** Records supplied **

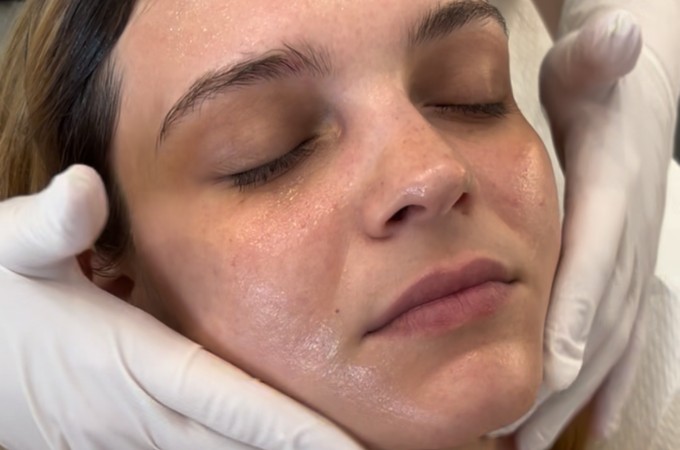 PicoPeel - Results
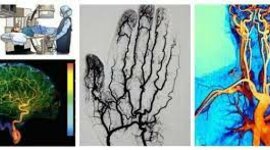 Timeline: Historia Angiografìa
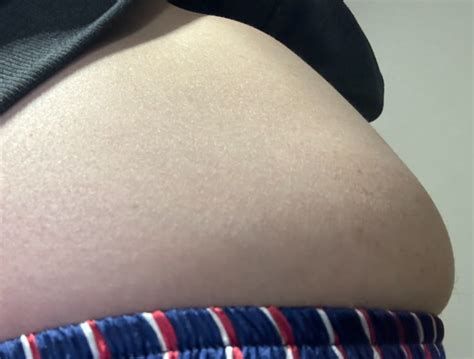 식욕억제제 완전 정리와 처방 받는 방법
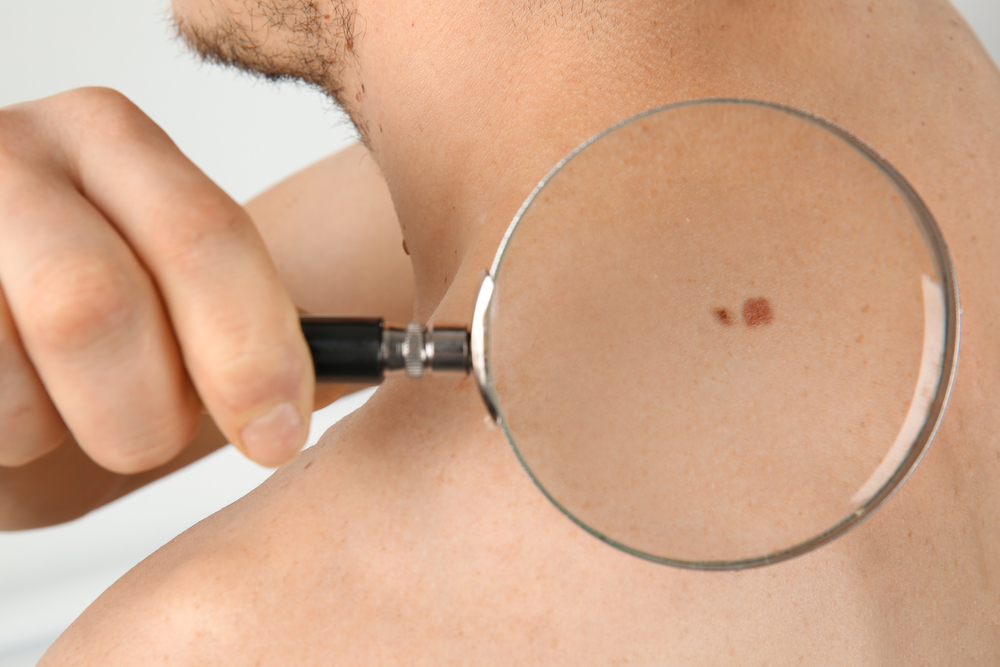 التعرف على الخصائص أو الأعراض المختلفة لسرطان الجلد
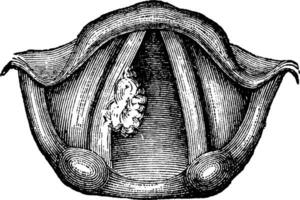 einsam Papillom von das Larynx, Jahrgang Gravur vektor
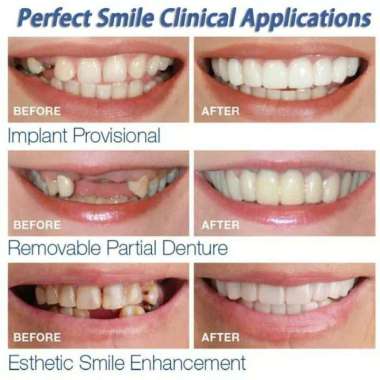 PAKETAN SEPASANG atas bawah SnapOn Smile Authentic Gigi Palsu Snap on Smile 1 Set Veneer Gigi gipal 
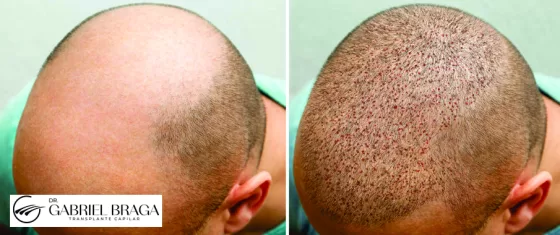 Goiânia - Transplante Capilar
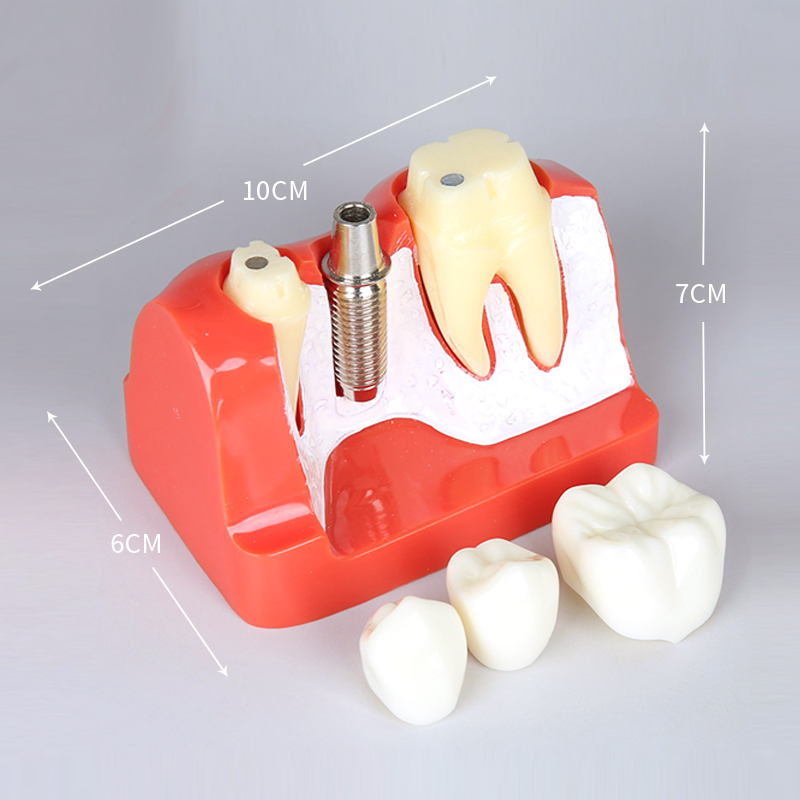 single implant demonstration model of dental implant analysis teaching and study orthodontic dental resin model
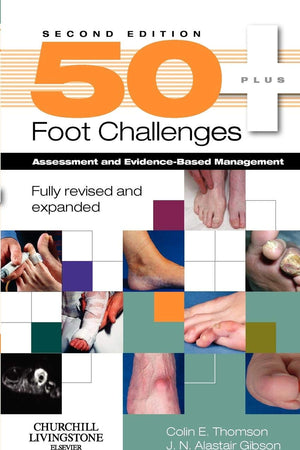 50+ Foot Challenges: Assessment and Evidence-Based Management
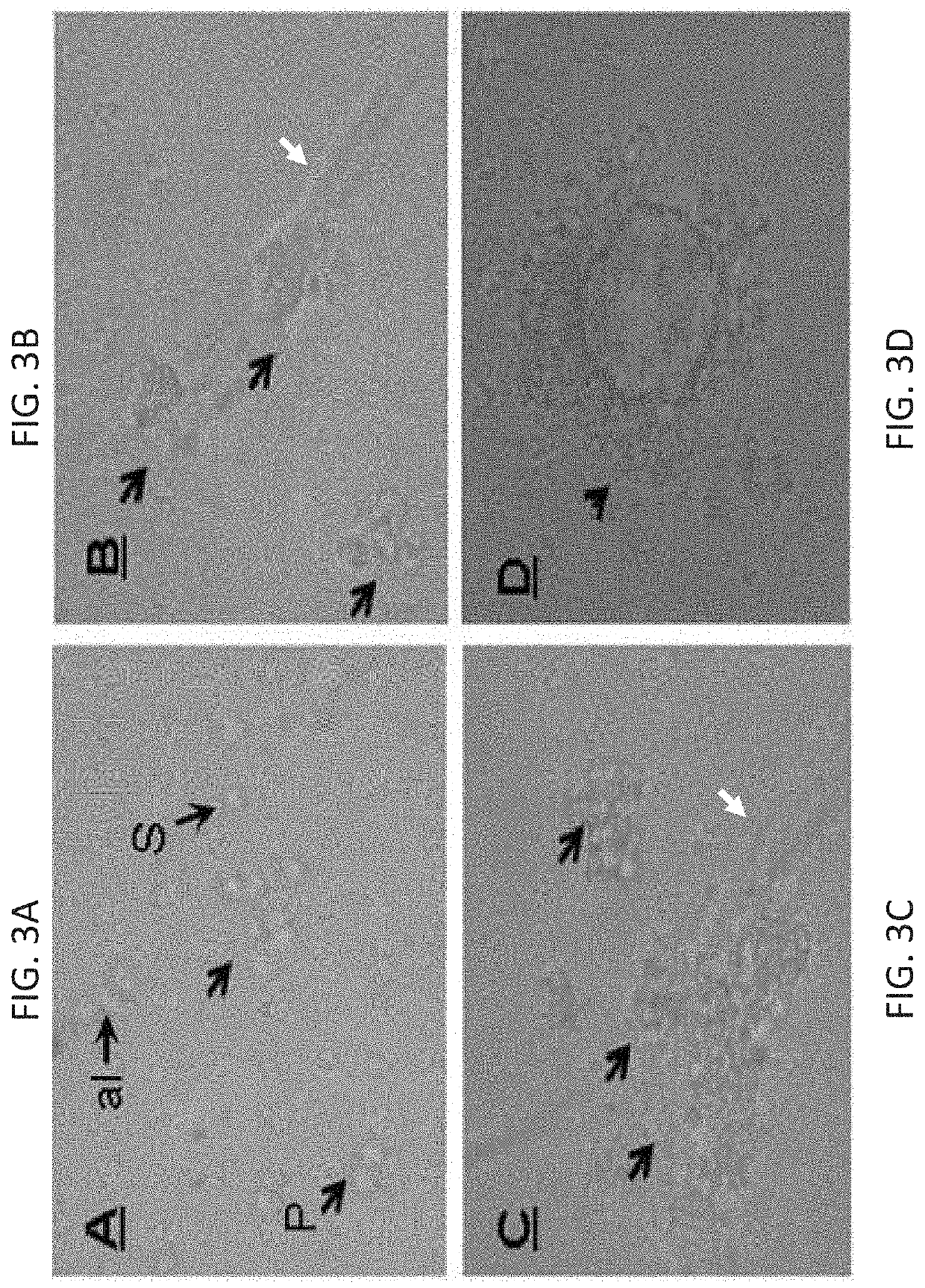 Methods of maturation of human spermatogonium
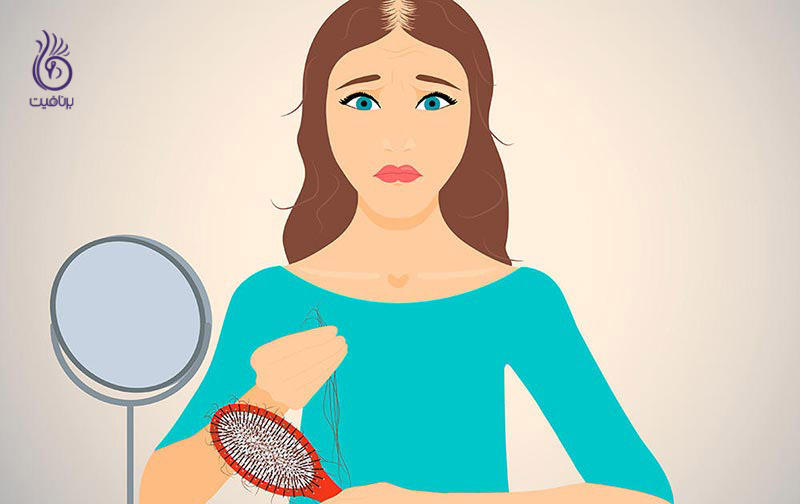 از آلوپسی چه می دانید؟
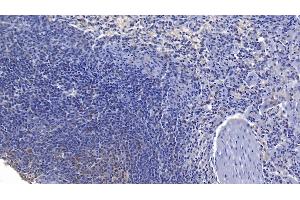 Detection of FASL in Human Spleen Tissue using Polyclonal Antibody to Factor Related Apoptosis Ligand (FASL) (FASL Antikörper  (AA 102-280))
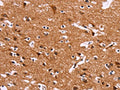 The image on the left is immunohistochemistry of paraffin-embedded Human brain tissue using CSB-PA298832(IRAK1BP1 Antibody) at dilution 1/30, on the right is treated with fusion protein. (Original magnification: ×200)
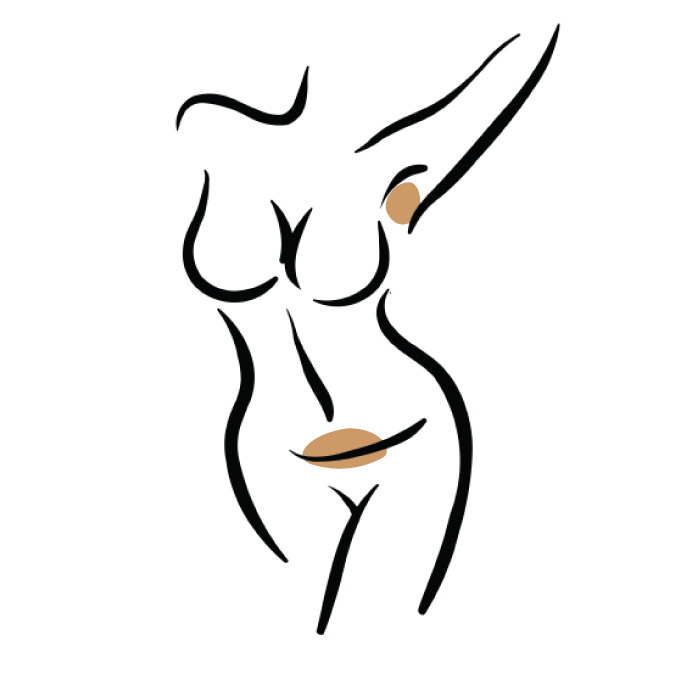 Laser Hair Removal Treatments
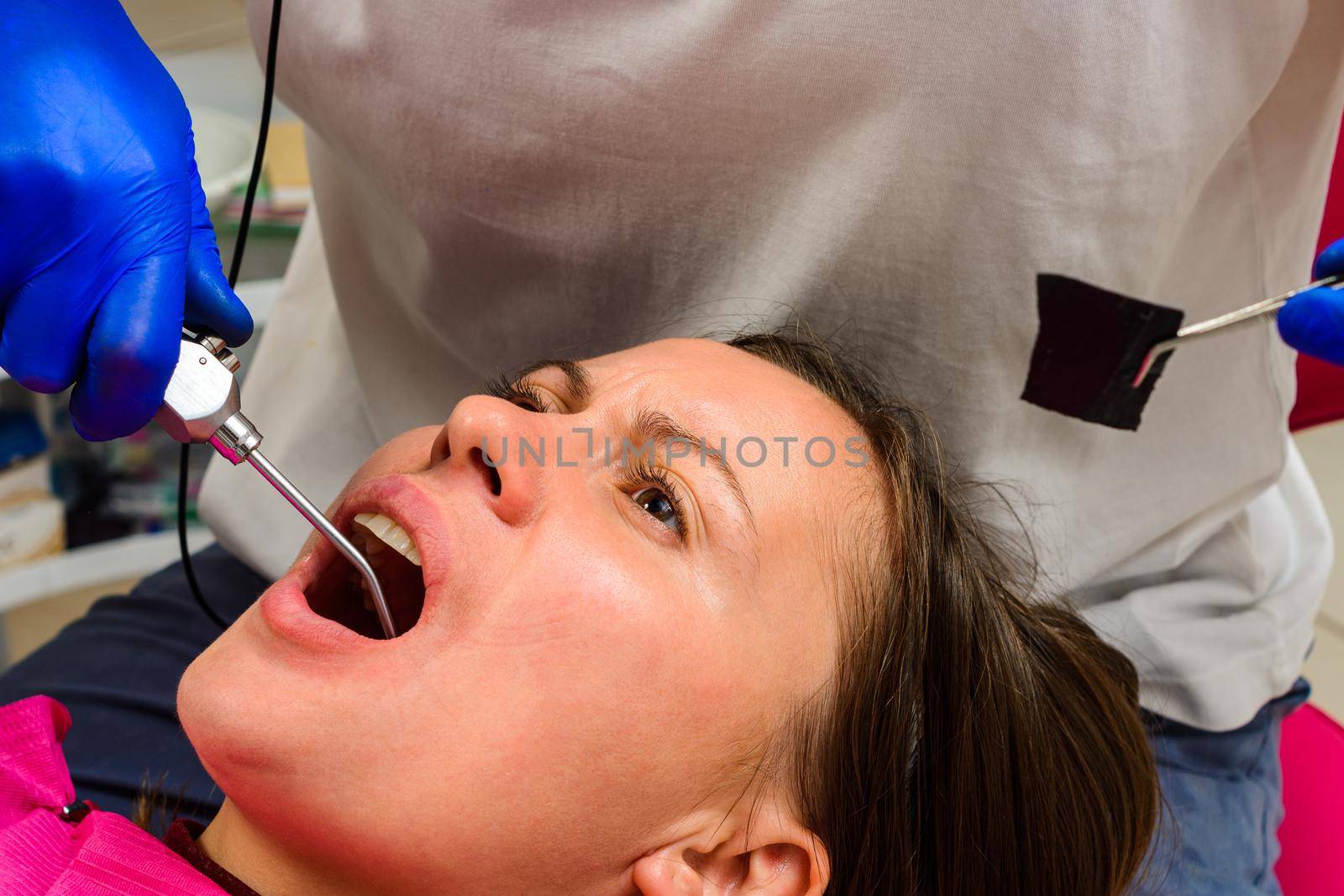 The dentist washes the tooth treatment site with water, washes away the blood and tooth debris.2020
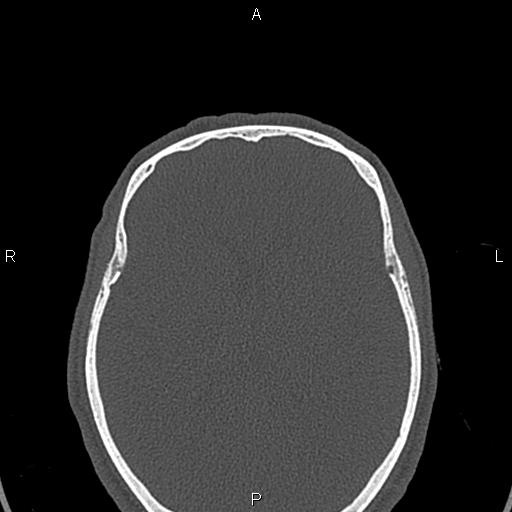File:Central giant cell granuloma (Radiopaedia 83346-97761 Axial bone window 84).jpg
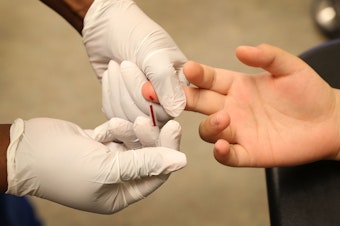 caption: More testing for HIV infection is one of the steps needed to halt the spread of the virus.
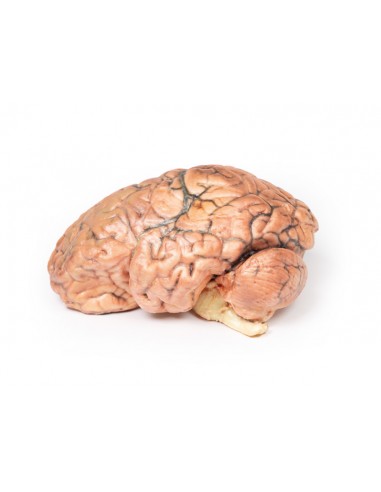 Craniofaringioma - Série de anatomia...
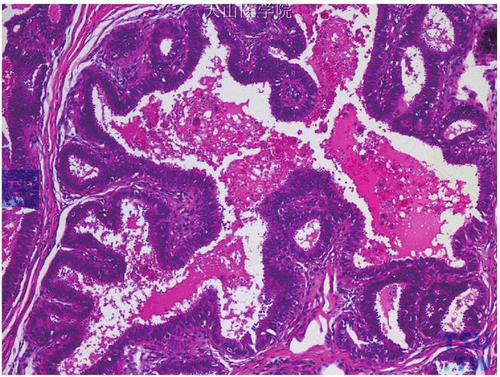 乳腺水泡囊肿怎么治疗 乳腺水泡囊肿怎么治疗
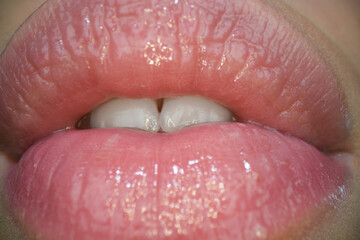 Sensual woman with sensual lips. Close-up perfect natural lip, female mouth. Plump sexy full lips. Macro face detail. Sensual forms of woman lips.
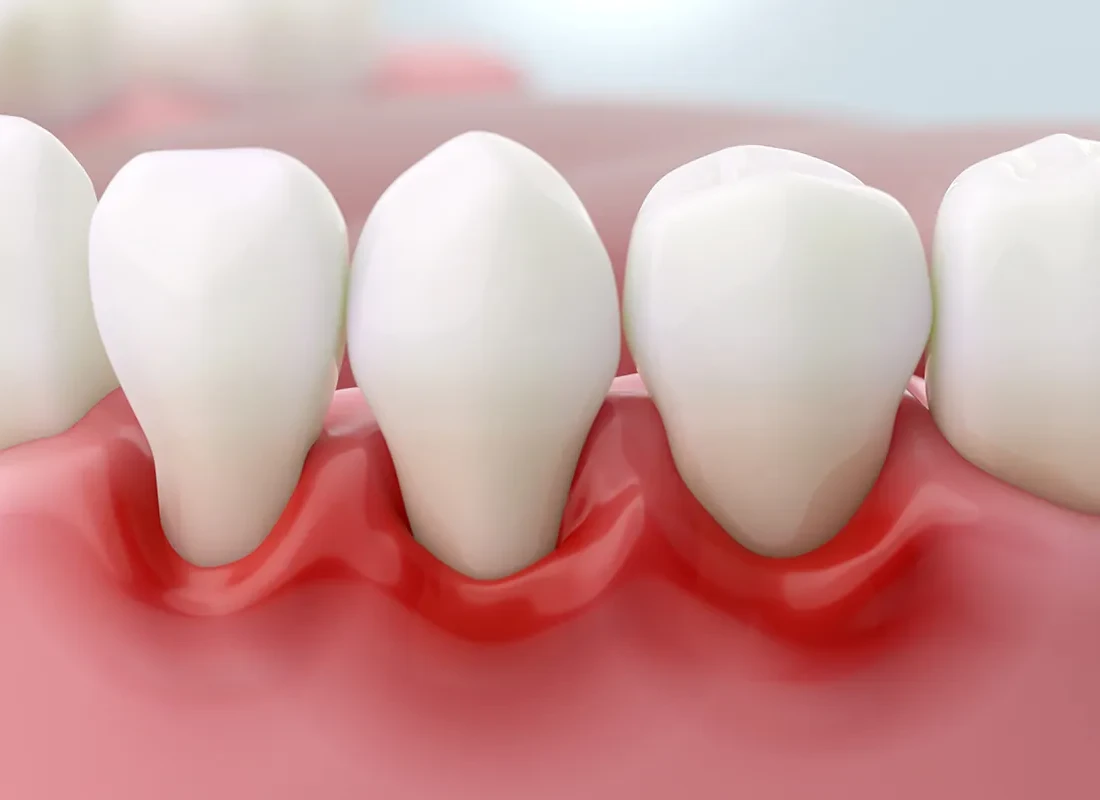 Patient showing gum health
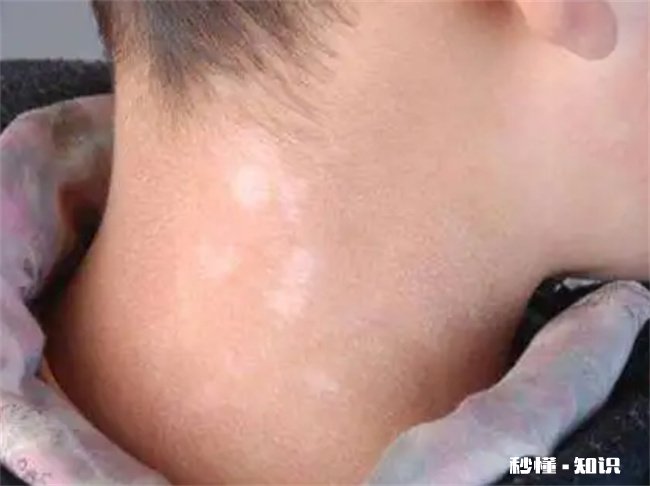 突然长出白斑是什么原因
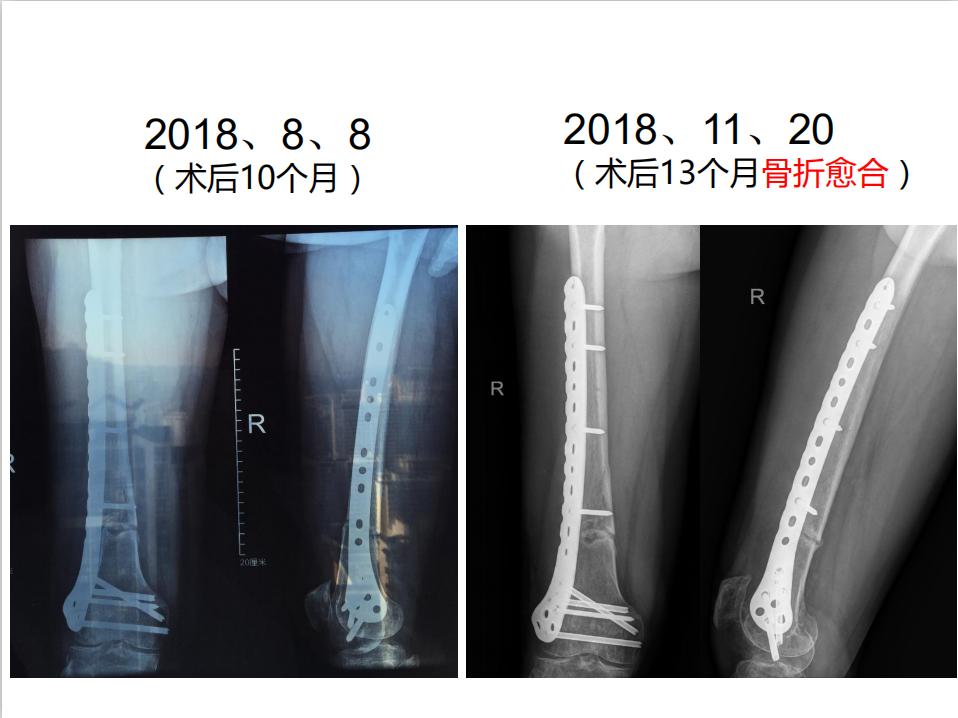 平乐骨科推拿教学,中医治疗骨折畸形愈合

** Task objective **
With the pictures left out, give again exactly the lines from the one with "Methods of maturation" through the end of the data, both included.

** Solution to this exercise **
 Methods of maturation of human spermatogonium
 از آلوپسی چه می دانید؟
 Detection of FASL in Human Spleen Tissue using Polyclonal Antibody to Factor Related Apoptosis Ligand (FASL) (FASL Antikörper  (AA 102-280))
 The image on the left is immunohistochemistry of paraffin-embedded Human brain tissue using CSB-PA298832(IRAK1BP1 Antibody) at dilution 1/30, on the right is treated with fusion protein. (Original magnification: ×200)
 Laser Hair Removal Treatments
 The dentist washes the tooth treatment site with water, washes away the blood and tooth debris.2020
File:Central giant cell granuloma (Radiopaedia 83346-97761 Axial bone window 84).jpg
 caption: More testing for HIV infection is one of the steps needed to halt the spread of the virus.
 Craniofaringioma - Série de anatomia...
 乳腺水泡囊肿怎么治疗 乳腺水泡囊肿怎么治疗
 Sensual woman with sensual lips. Close-up perfect natural lip, female mouth. Plump sexy full lips. Macro face detail. Sensual forms of woman lips.
 Patient showing gum health
 突然长出白斑是什么原因
 平乐骨科推拿教学,中医治疗骨折畸形愈合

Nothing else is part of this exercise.